Mouse xenograft tumor model
Female BALB/c athymic nude mice (6–8-week-old; Vital River Experimental Animal Center, Beijing, China) were randomly allocated to different groups (n = 5/group) and subcutaneously injected with 3 × 106 cells to generate tumor xenografts. The resultant tumors were measured using calipers, and the tumor volume was calculated as follows: V = L × W2 × 0.5236 (L, long axis; W, short axis). When tumor masses became visible ( ~ 100 mm3), the mice received a 10 Gy dose (2 Gy/day for five consecutive days) of radiotherapy at a dose rate of 1 Gy/min and were sacrificed 21 days later. To determine the effect of let-7a on radiosensitivity, let-7a agomir or antagomir (RiboBio, Guangzhou, China) was injected intratumorally (0.5 mM/kg every three days for a total of five injections). To determine the effect of exosomes on radiosensitivity, KYSE-150 exosomes were intratumorally injected into the KYSE-150R xenografts (1 × 1011 particels/mice every three days for a total of five injections). To investigate the effect of IL-6 on radiosensitivity, an anti-IL-6 antibody (Affinity Bioscience, Cincinnati, OH, USA) was injected intraperitoneally (10 mg/kg/week for a total of three injections). All animal procedures were approved by the Animal Care Committee of Wenzhou Medical University.
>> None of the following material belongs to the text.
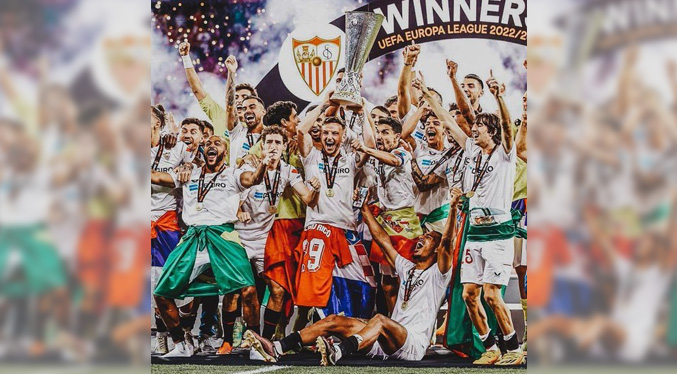 El título europeo del Sevilla atenúa el declive del fútbol español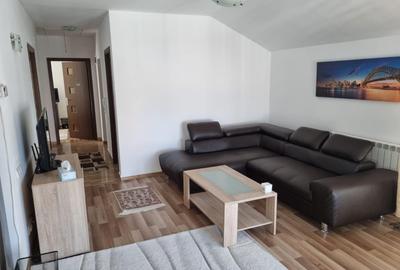 Apartament cu 3 camere semidecomandat în Zorilor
Patient specimens and immunohistochemical analysis
To determine the association between Dicer expression and radiosensitivity, esophageal squamous cancer tissue samples were collected from 45 patients who had received a 60 Gy dose (2 Gy/day, 5 days/week) of radiotherapy at the First Affiliated Hospital of Wenzhou Medical University (Wenzhou, China). The level of Dicer protein in tumor tissues was detected by performing immunohistochemical analysis and scored as described previously [21]. To investigate the correlation between serum levels of let-7a or IL-6 and radiosensitivity, we recruited another cohort of 70 patients who had esophageal squamous cancer and had received a 60 Gy dose of radiotherapy at the First Affiliated Hospital of Wenzhou Medical University. Pre-radiotherapy serum samples were collected from all 70 patients, whereas post-radiotherapy serum samples were collected from 65 patients. Additionally, we collected serum samples from 27 of the 70 patients on day 7 after the start of radiotherapy. The response to radiotherapy was evaluated as described previously [43]. The inclusion criteria for patients were as follows: (a) those who were pathologically diagnosed with esophageal cancer, (b) those who did not receive any prior systemic treatment or malignant tumor resection, and (c) those who were willing to undergo radiotherapy. Informed consent was obtained from all patients for the collection and use of clinical samples, and the study was approved by the Scientific Ethics Committee of the First Affiliated Hospital of Wenzhou Medical University.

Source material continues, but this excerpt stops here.